Minor Editorial Refinements:
-
Line 41: “loke” → “like”
-
Line 62: “hidrolyse” → “hydrolyze” (or “hydrolyse” if using UK spelling, please ensure consistency).
-
Table 1: Clarify if “Other antibiotic use” refers to systemic antibiotics in the preceding 30 days.
-
Table 2: Add 95% CI for sensitivity, specificity, PPV, NPV.
-
Figures: Define all abbreviations in legends (e.g. ESBL, NS).
-
Check rounding consistency between text and tables.
This is a strong and relevant validation study for a high prevalence AMR setting. The dataset is robust, the methodology sound, and the conclusions well supported. With modest revisions, focused on methodological clarity, stewardship implications, and minor editorial fixes, the manuscript will make a valuable contribution to the scientific community.
Author Response
Methodological Clarifications
- Line 104: Clarify rationale for limiting to coli, exclude other Enterobacterales for methodological validity or epidemiology?
Answer: E. coli isolates were chosen because of they correspond to 88% of the Enterobacterales producing urinary tract infection in a previous study in Colombia and K. pneumoniae more frequently can have an antecedent of nosocomial infection or harvour a different resistant mechanism (such as carbapenemase production) that might bias the result. This was added to the methods section (lines 183-187).

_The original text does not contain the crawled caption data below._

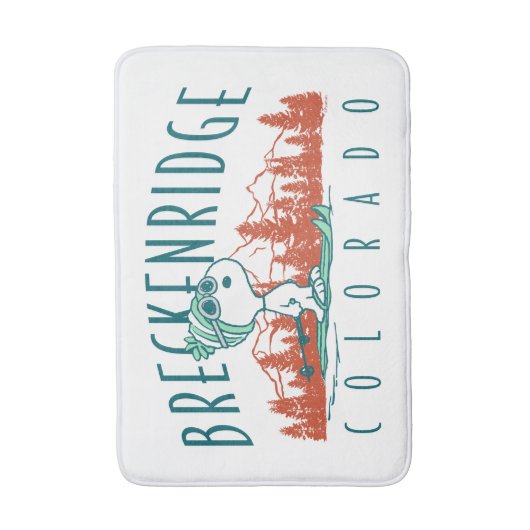 pinda's | Snoopy Breckenridge Colorado Badmat (Voorkant Verticaal)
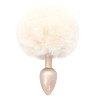 happiness TOYJOY Plug Queue de Lapin Enchanting Bunnytail 5 x 2.8cm Blanc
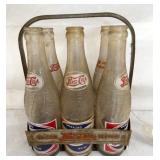 EMB. PEPSI ALUM. CARRIER W/ BOTTLES
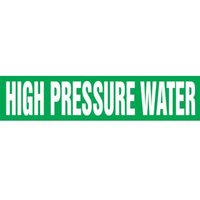 Accuform RPK417STA Snap Tite - 3/4"" to 1-1/4"" OD ASME (ANSI) Pipe Marker: High Pressure Water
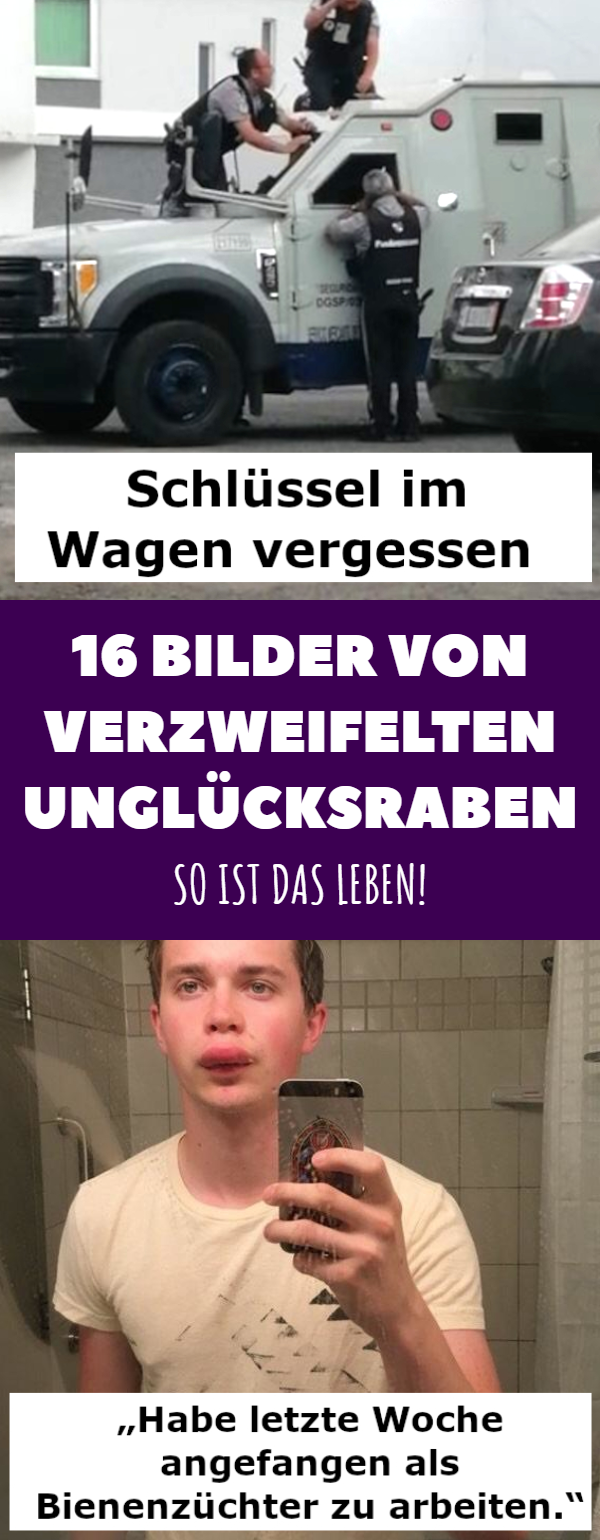 Fails: 15 lustige Bilder von Unglücksraben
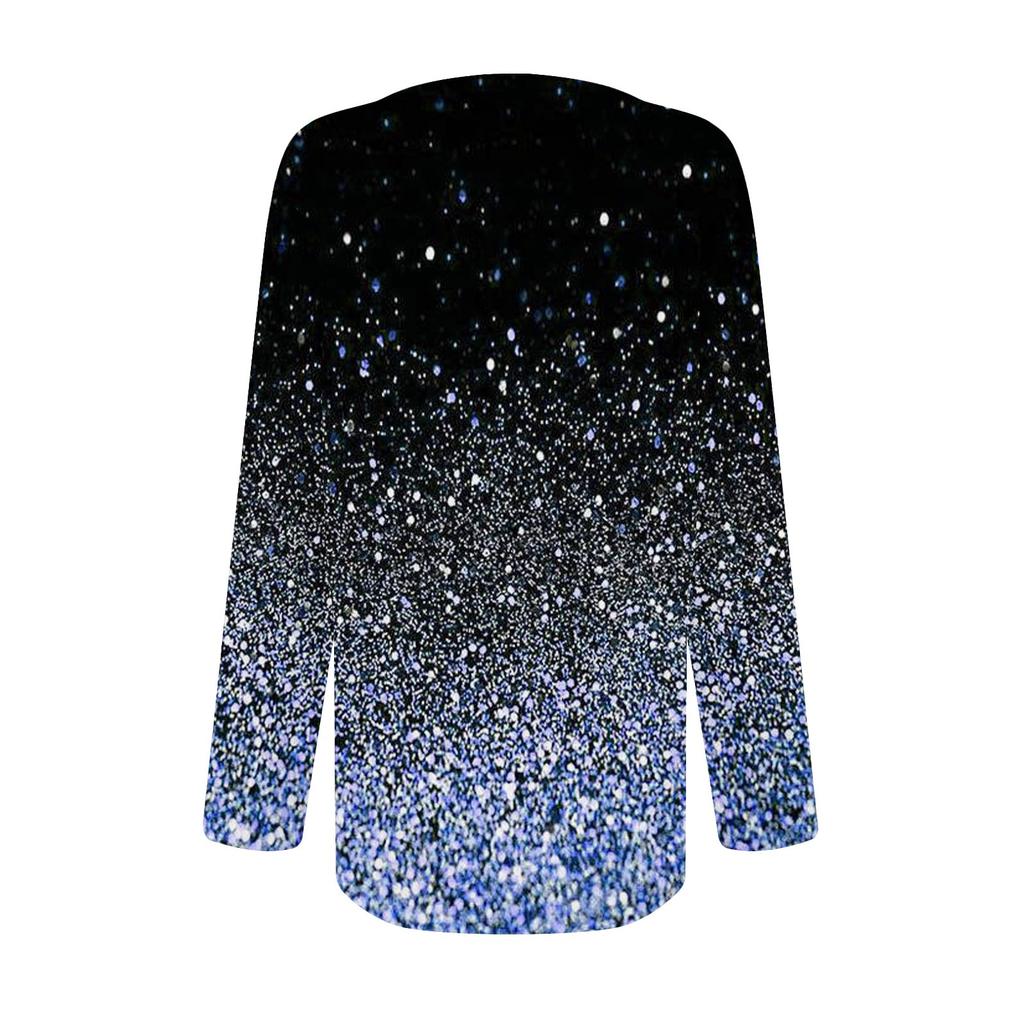 Женская модная повседневная плиссированная футболка с круглым вырезом и декоративными пуговицами, с длинным рукавом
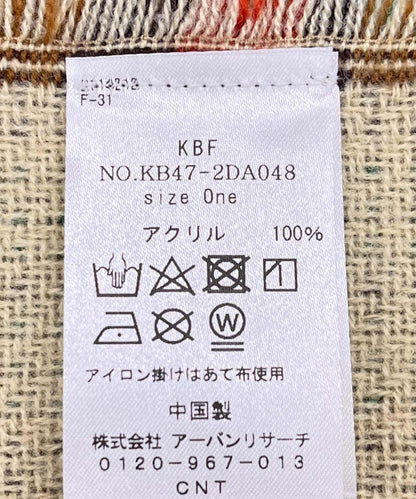 雙面格紋圍巾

- Line 127: Provide fuller justification for removing “admission from another healthcare facility” from the score. Was it absent from records, or found to have poor predictive value?
Answer: Thank you for the observation. The admission from other healthcare facility was not included due to the fact that these group of patients would reflect nosocomial infections instead of those acquired in the community. This was added in the methodology. We also acknowledge this fact in the limitations.
Interpretation of Score Performance
- Line 211: Sensitivity at ≥6 cut-off is only 18.9% too low for clinical decision making. Discuss whether lowering the threshold or adopting a dual cut-off strategy might improve utility.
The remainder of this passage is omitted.